Brief:
Please return every entry below exactly as written, without any of its pictures.

Data:
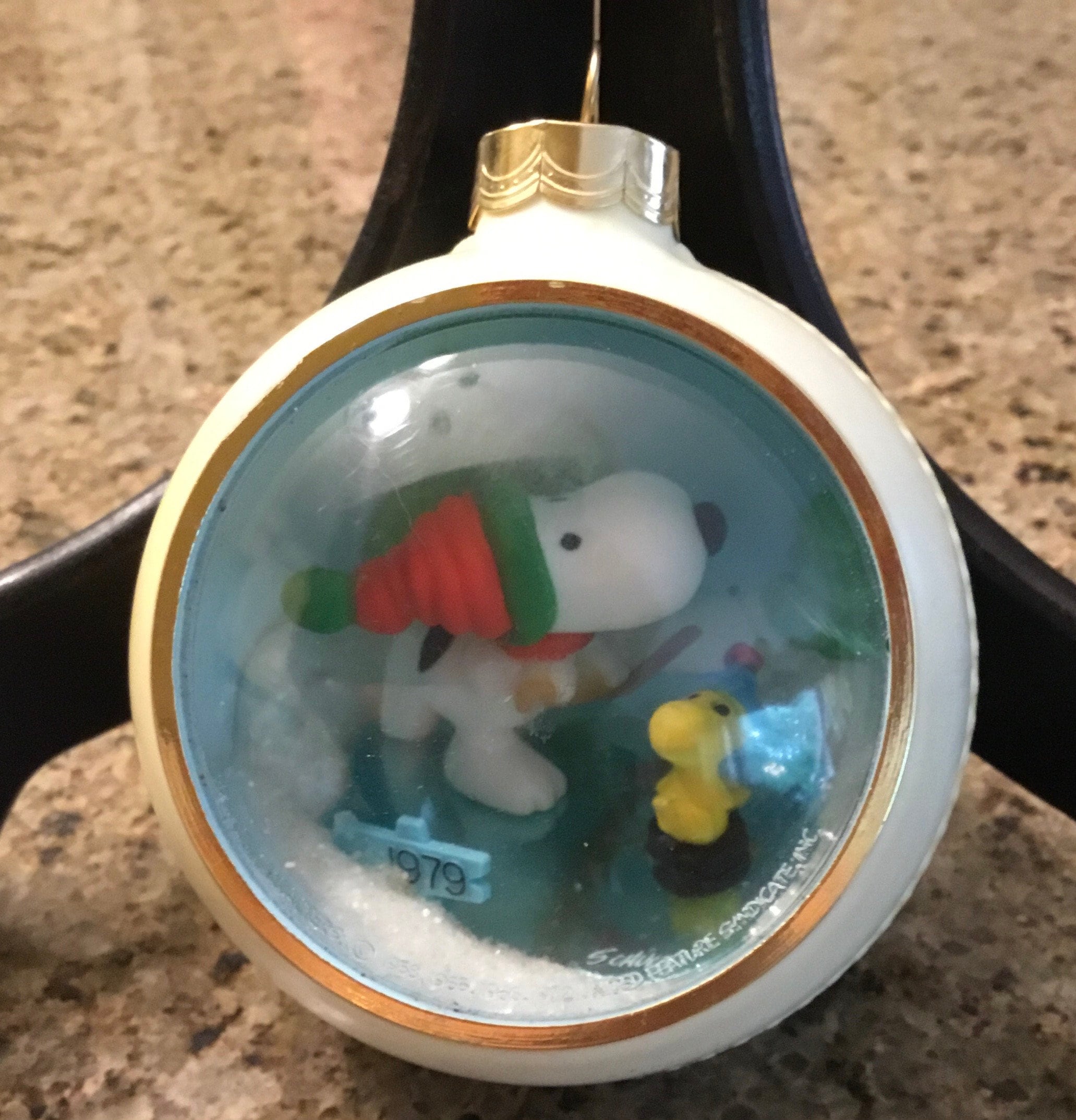国内初の直営店 Determined 70s Snoopy ornament/スヌーピー 1978 Christmas ピーナッツ、スヌーピー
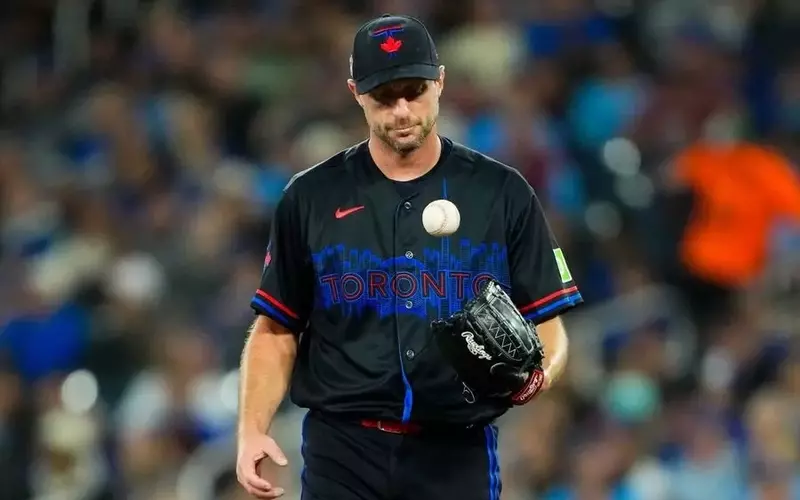 Jays' Max Scherzer's Forearm Injury Hinders Comeback Efforts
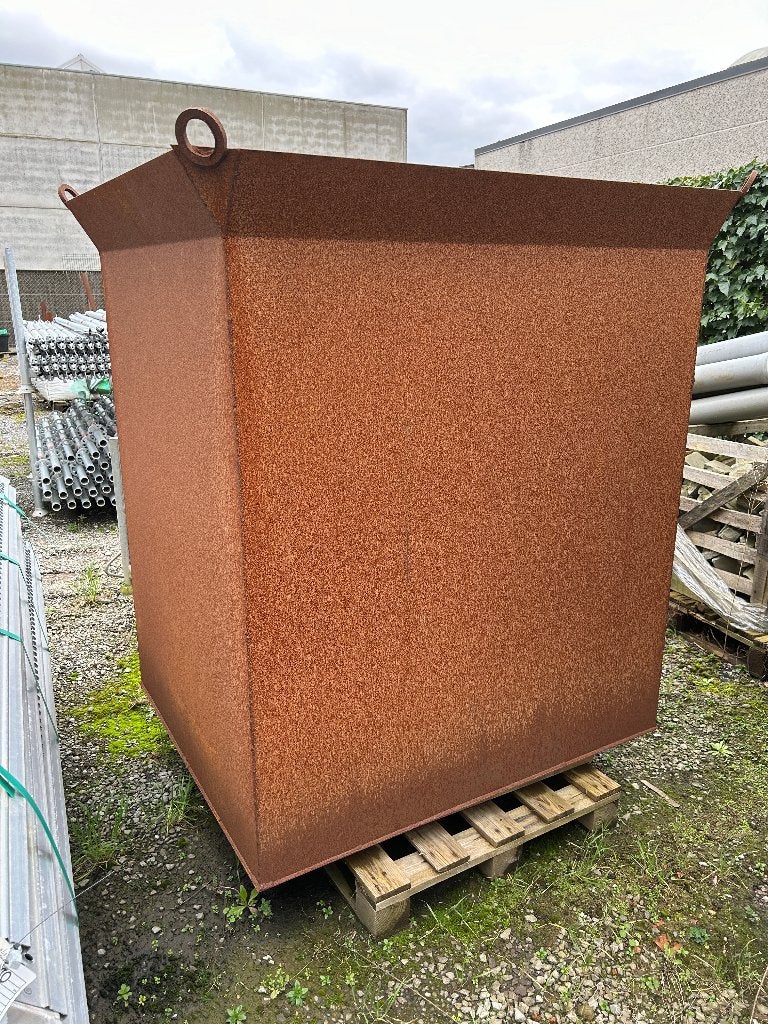 metalen bak met hijsogen met aflaat kraantje, Doe-het-zelf en Bouw, Ophalen, Zo goed als nieuw, IJzer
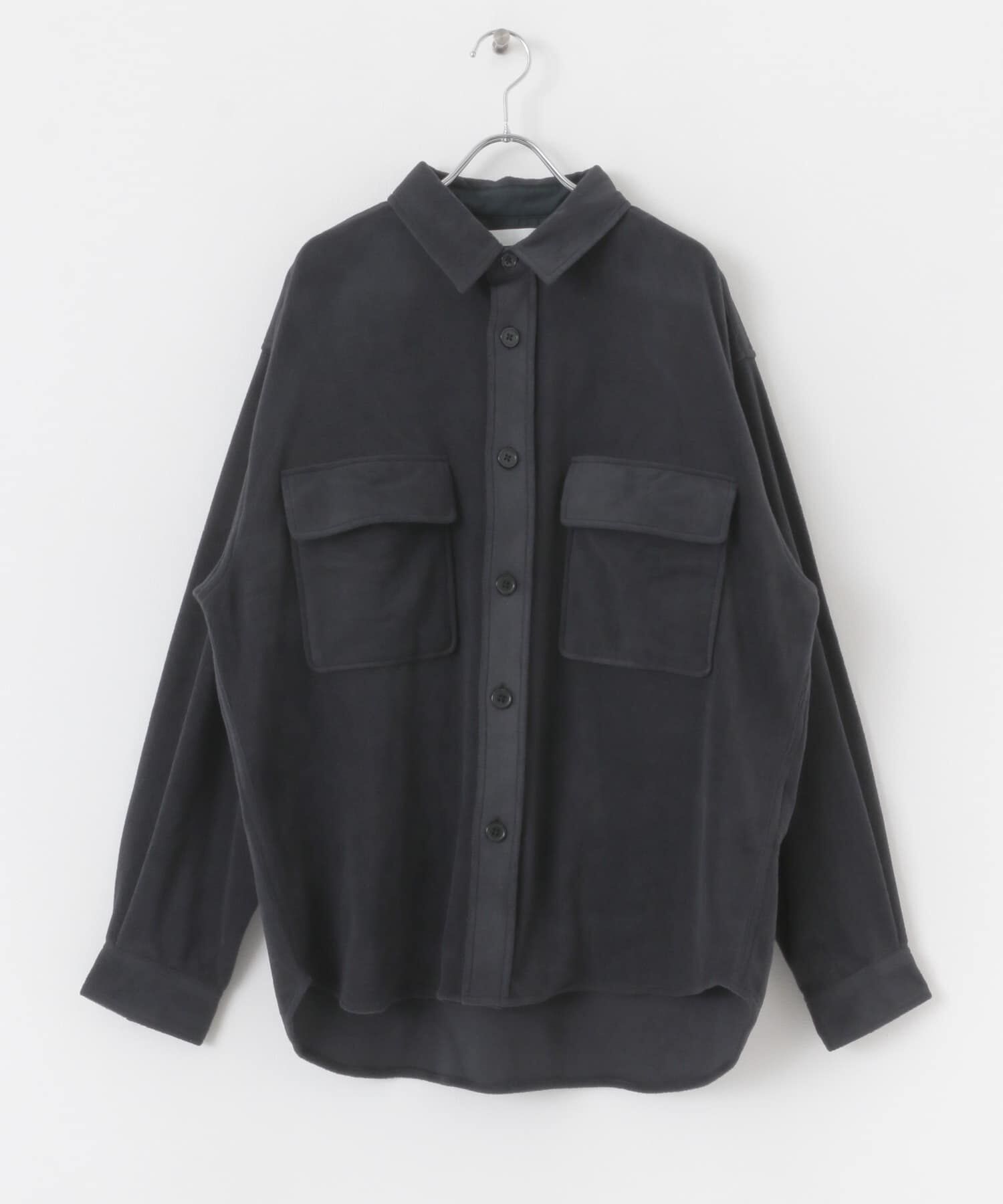 SENSE OF PLACE by URBAN RESEARCH「フリースフラップルーズシャツ」|シャツ・ブラウス|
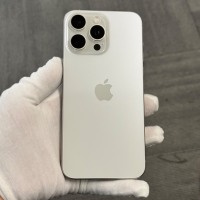 95新 苹果/iPhone 15 Pro Max 256GB 白色钛金属 有锁Ver 编号26365 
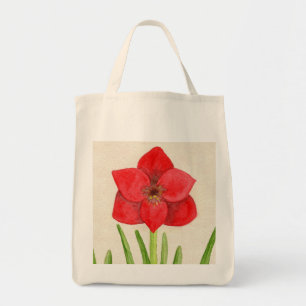 Tela Bolso rojo hermoso de la flor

Finished task:
国内初の直営店 Determined 70s Snoopy ornament/スヌーピー 1978 Christmas ピーナッツ、スヌーピー
 Jays' Max Scherzer's Forearm Injury Hinders Comeback Efforts
 metalen bak met hijsogen met aflaat kraantje, Doe-het-zelf en Bouw, Ophalen, Zo goed als nieuw, IJzer
 SENSE OF PLACE by URBAN RESEARCH「フリースフラップルーズシャツ」|シャツ・ブラウス|
 95新 苹果/iPhone 15 Pro Max 256GB 白色钛金属 有锁Ver 编号26365 
 Tela Bolso rojo hermoso de la flor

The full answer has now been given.